[Opening Input data section]
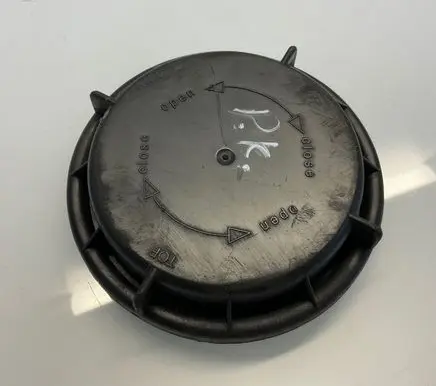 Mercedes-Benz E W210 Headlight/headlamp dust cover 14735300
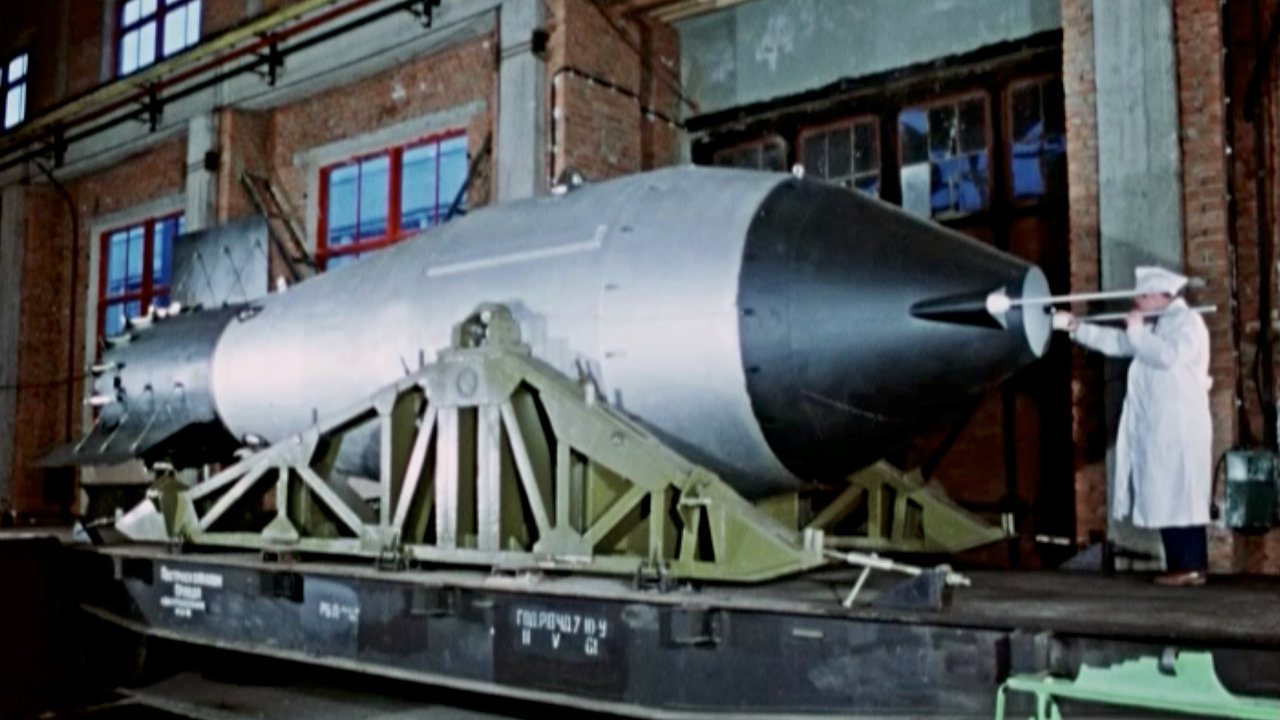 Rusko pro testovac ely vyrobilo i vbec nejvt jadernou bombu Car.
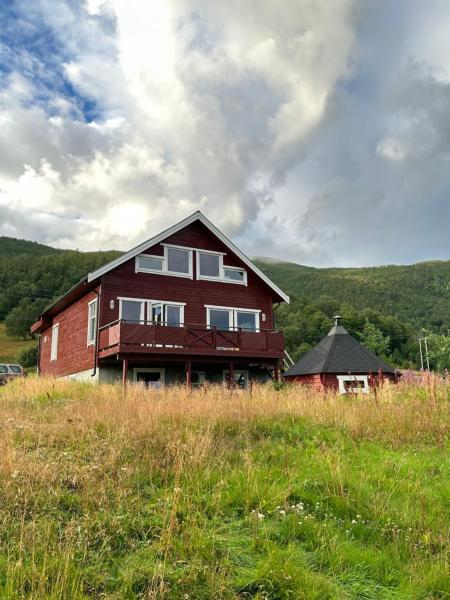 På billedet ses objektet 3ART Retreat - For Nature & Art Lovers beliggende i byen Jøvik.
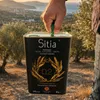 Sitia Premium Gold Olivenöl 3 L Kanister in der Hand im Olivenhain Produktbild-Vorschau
[Closing Input data section]
| Required action |
With the pictures left out, copy exactly the lines from the one containing "På billedet ses" through the last line of the data.

| Solution for this exercise |
 På billedet ses objektet 3ART Retreat - For Nature & Art Lovers beliggende i byen Jøvik.
 Sitia Premium Gold Olivenöl 3 L Kanister in der Hand im Olivenhain Produktbild-Vorschau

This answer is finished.